+++ Data for review

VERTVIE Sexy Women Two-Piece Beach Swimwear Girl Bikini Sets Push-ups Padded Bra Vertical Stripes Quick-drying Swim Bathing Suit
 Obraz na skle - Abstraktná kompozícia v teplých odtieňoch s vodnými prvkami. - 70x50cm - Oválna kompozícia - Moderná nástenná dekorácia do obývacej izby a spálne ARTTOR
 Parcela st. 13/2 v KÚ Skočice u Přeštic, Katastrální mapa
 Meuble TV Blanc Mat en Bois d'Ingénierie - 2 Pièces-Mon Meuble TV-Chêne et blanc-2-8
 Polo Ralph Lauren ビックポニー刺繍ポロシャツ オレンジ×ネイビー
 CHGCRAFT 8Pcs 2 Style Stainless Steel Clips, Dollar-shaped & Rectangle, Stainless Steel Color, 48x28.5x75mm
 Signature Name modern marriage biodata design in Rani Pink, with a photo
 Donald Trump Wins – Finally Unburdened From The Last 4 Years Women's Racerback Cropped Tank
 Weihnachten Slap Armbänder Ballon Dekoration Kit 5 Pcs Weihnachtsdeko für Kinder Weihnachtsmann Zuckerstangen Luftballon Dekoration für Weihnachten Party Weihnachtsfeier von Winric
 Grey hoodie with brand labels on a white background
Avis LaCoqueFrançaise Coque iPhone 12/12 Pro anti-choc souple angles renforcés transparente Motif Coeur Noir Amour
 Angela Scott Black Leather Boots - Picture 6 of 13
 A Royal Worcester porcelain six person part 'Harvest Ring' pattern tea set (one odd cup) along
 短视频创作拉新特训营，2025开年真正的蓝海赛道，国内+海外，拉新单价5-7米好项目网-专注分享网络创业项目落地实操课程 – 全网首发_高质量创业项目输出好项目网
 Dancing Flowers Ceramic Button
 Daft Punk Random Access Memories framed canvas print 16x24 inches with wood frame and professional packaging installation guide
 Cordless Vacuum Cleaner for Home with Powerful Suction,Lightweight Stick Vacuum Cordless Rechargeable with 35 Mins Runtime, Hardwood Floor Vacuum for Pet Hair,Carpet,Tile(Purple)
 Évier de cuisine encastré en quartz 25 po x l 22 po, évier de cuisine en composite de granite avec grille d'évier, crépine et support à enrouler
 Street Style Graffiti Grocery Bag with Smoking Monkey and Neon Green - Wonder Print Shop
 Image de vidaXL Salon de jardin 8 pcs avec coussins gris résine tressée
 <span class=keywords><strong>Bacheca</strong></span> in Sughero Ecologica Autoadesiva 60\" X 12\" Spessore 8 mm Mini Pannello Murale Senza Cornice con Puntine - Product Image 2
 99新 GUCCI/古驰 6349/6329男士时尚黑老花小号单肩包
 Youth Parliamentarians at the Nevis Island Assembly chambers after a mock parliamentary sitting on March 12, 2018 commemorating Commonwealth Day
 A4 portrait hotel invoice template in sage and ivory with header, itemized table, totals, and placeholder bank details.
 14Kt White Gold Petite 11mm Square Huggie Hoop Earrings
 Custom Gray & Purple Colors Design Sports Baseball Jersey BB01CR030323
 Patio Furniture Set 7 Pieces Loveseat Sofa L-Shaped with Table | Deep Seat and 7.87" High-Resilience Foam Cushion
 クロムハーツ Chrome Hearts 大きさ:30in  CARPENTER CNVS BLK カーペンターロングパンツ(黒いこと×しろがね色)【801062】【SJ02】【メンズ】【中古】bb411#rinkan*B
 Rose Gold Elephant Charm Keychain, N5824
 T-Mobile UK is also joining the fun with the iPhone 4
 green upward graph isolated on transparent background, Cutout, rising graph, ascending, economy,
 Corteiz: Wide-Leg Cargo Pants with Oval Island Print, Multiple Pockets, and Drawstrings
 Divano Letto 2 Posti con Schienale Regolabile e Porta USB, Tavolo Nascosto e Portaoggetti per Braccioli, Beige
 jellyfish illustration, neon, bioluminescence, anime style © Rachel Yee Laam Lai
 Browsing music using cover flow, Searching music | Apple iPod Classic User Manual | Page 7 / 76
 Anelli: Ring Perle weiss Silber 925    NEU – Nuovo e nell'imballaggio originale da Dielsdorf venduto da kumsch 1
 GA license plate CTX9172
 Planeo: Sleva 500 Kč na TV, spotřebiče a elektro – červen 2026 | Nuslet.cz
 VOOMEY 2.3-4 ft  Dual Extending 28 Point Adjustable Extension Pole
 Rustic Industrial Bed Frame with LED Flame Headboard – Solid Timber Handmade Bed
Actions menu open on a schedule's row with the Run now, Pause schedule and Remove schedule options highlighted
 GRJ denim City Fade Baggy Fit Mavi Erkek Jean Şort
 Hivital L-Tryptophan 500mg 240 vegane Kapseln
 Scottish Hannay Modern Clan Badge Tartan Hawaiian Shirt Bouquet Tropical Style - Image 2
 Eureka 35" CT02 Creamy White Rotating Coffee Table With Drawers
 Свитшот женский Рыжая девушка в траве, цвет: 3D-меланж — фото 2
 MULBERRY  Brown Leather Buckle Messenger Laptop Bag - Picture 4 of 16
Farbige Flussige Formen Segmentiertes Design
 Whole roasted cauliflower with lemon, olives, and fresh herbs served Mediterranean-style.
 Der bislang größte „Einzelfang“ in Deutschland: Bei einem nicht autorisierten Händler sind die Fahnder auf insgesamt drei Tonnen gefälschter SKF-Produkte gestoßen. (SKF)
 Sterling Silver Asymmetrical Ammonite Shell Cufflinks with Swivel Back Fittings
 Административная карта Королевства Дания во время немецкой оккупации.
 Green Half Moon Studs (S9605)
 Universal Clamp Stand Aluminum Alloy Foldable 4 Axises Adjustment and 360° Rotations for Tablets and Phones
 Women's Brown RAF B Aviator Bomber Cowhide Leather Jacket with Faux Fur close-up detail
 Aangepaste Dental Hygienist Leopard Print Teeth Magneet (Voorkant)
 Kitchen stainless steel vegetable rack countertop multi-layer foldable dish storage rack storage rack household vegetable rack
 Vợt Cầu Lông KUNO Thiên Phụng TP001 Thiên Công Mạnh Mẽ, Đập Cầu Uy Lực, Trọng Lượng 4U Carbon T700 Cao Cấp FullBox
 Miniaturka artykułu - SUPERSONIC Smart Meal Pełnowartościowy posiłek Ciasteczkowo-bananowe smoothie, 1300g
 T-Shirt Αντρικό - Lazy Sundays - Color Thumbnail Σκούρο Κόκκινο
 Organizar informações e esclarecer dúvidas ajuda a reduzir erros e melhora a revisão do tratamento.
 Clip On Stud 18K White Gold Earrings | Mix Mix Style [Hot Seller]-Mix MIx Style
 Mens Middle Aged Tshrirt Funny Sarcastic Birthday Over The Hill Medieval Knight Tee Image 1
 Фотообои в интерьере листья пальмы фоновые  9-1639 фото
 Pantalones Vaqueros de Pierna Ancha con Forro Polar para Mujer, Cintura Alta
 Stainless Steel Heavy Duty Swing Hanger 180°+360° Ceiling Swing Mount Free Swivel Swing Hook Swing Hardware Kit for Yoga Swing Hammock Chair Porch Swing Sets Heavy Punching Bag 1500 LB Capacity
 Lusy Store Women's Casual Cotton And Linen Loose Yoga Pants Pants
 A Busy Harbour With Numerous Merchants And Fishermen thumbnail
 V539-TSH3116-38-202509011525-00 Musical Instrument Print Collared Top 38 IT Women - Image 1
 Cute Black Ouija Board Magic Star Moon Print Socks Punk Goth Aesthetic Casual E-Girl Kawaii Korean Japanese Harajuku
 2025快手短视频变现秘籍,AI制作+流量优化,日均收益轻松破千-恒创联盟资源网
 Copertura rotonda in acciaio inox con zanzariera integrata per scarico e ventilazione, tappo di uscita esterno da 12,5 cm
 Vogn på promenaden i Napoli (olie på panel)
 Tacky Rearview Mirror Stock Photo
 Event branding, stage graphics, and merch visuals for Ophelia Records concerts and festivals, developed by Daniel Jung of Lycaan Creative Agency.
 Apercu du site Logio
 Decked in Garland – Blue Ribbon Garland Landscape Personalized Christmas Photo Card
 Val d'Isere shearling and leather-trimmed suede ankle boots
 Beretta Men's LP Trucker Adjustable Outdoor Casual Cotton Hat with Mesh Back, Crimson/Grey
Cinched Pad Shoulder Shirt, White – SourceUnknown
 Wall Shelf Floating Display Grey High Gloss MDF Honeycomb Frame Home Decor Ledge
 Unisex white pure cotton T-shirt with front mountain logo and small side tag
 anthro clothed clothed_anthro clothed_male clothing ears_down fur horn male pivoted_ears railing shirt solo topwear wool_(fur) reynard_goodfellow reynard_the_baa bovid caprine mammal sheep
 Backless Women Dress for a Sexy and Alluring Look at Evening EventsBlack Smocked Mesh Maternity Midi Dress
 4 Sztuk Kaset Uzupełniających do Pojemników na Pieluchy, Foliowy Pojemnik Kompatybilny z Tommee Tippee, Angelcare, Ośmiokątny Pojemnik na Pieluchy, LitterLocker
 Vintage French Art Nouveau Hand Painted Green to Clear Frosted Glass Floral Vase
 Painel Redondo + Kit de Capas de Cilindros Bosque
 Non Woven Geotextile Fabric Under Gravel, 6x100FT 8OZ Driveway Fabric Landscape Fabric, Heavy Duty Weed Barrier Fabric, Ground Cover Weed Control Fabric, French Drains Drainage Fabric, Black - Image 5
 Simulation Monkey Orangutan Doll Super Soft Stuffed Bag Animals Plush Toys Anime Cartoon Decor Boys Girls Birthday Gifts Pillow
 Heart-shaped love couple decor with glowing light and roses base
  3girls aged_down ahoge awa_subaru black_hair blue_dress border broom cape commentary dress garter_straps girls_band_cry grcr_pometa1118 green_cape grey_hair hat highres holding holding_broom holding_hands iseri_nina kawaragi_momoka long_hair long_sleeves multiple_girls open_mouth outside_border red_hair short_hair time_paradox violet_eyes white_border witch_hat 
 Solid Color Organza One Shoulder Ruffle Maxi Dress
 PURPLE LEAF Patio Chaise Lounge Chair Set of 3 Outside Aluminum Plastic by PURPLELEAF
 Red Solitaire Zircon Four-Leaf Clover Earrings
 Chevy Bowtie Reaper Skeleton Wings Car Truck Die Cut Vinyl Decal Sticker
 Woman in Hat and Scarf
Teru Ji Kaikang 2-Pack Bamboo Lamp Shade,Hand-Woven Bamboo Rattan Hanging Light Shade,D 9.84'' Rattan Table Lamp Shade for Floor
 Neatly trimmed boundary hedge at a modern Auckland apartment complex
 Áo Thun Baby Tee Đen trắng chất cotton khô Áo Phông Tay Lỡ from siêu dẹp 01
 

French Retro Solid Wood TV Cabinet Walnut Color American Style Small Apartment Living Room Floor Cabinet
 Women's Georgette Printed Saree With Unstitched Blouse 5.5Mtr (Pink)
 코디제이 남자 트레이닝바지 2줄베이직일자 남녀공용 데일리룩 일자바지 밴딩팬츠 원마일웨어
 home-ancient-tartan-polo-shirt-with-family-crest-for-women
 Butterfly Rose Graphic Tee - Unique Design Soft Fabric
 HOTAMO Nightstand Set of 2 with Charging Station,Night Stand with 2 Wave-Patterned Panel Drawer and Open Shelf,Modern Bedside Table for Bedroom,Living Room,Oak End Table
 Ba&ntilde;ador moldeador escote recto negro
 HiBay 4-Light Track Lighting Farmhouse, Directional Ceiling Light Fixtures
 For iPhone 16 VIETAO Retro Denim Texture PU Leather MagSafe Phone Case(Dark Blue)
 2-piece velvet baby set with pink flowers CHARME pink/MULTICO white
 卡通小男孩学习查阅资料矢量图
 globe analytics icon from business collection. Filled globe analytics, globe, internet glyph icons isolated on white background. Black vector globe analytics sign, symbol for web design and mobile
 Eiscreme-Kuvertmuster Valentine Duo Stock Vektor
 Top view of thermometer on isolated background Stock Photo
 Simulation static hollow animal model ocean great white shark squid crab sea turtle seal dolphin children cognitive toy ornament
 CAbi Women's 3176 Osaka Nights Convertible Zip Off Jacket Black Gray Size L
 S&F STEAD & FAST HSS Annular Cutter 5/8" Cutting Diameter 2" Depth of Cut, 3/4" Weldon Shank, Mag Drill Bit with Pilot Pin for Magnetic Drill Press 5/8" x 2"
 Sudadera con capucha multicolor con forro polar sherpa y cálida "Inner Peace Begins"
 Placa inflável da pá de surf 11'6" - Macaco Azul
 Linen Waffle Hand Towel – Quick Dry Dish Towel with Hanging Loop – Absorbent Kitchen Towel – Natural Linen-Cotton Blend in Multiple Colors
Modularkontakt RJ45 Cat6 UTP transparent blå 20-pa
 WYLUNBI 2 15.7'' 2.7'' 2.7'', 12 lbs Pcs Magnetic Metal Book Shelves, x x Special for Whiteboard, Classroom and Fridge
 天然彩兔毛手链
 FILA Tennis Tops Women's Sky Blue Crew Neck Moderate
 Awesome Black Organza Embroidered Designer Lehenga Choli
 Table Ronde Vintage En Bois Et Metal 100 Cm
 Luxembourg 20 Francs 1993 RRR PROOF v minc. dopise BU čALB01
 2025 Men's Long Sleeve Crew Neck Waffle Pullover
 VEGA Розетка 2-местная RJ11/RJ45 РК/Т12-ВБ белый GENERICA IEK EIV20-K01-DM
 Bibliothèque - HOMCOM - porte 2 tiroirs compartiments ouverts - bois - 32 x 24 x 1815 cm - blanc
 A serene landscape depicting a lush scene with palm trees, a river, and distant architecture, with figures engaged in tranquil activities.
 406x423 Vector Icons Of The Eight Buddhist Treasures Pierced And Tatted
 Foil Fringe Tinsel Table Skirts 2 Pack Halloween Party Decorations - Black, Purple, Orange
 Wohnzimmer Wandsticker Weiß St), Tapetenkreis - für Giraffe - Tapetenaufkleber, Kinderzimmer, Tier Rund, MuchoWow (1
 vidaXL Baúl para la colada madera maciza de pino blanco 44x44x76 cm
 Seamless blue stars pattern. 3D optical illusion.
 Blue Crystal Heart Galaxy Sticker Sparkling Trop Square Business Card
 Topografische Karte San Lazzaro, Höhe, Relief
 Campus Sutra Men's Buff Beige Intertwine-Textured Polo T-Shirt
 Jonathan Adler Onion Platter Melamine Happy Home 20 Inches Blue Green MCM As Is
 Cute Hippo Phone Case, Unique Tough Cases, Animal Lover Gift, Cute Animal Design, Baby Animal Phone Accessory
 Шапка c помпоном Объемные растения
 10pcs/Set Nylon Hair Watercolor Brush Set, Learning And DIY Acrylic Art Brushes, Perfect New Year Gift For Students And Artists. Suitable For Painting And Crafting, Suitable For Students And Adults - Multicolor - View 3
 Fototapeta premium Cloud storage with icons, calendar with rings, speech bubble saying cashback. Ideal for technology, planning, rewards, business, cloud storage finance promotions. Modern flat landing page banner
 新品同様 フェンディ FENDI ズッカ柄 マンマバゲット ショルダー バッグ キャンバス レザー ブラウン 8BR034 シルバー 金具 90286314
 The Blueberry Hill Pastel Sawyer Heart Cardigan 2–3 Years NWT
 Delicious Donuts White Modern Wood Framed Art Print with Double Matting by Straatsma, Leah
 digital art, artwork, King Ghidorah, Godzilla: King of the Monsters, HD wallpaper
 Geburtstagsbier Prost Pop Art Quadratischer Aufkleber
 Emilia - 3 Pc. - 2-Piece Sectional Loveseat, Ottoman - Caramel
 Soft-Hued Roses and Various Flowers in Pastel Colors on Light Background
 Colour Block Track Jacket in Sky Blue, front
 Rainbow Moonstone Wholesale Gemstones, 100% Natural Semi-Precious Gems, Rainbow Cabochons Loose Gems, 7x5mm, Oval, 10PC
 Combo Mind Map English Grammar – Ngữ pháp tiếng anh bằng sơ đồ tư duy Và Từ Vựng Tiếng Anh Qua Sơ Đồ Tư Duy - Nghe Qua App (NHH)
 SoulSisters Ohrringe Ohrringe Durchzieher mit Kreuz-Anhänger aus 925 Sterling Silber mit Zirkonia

++++++

* **Task goal**: Quote the data above verbatim from its first line to the line that includes "Cordless Vacuum Cleaner", with both boundary lines retained.

* **Answer below**:
VERTVIE Sexy Women Two-Piece Beach Swimwear Girl Bikini Sets Push-ups Padded Bra Vertical Stripes Quick-drying Swim Bathing Suit
 Obraz na skle - Abstraktná kompozícia v teplých odtieňoch s vodnými prvkami. - 70x50cm - Oválna kompozícia - Moderná nástenná dekorácia do obývacej izby a spálne ARTTOR
 Parcela st. 13/2 v KÚ Skočice u Přeštic, Katastrální mapa
 Meuble TV Blanc Mat en Bois d'Ingénierie - 2 Pièces-Mon Meuble TV-Chêne et blanc-2-8
 Polo Ralph Lauren ビックポニー刺繍ポロシャツ オレンジ×ネイビー
 CHGCRAFT 8Pcs 2 Style Stainless Steel Clips, Dollar-shaped & Rectangle, Stainless Steel Color, 48x28.5x75mm
 Signature Name modern marriage biodata design in Rani Pink, with a photo
 Donald Trump Wins – Finally Unburdened From The Last 4 Years Women's Racerback Cropped Tank
 Weihnachten Slap Armbänder Ballon Dekoration Kit 5 Pcs Weihnachtsdeko für Kinder Weihnachtsmann Zuckerstangen Luftballon Dekoration für Weihnachten Party Weihnachtsfeier von Winric
 Grey hoodie with brand labels on a white background
Avis LaCoqueFrançaise Coque iPhone 12/12 Pro anti-choc souple angles renforcés transparente Motif Coeur Noir Amour
 Angela Scott Black Leather Boots - Picture 6 of 13
 A Royal Worcester porcelain six person part 'Harvest Ring' pattern tea set (one odd cup) along
 短视频创作拉新特训营，2025开年真正的蓝海赛道，国内+海外，拉新单价5-7米好项目网-专注分享网络创业项目落地实操课程 – 全网首发_高质量创业项目输出好项目网
 Dancing Flowers Ceramic Button
 Daft Punk Random Access Memories framed canvas print 16x24 inches with wood frame and professional packaging installation guide
 Cordless Vacuum Cleaner for Home with Powerful Suction,Lightweight Stick Vacuum Cordless Rechargeable with 35 Mins Runtime, Hardwood Floor Vacuum for Pet Hair,Carpet,Tile(Purple)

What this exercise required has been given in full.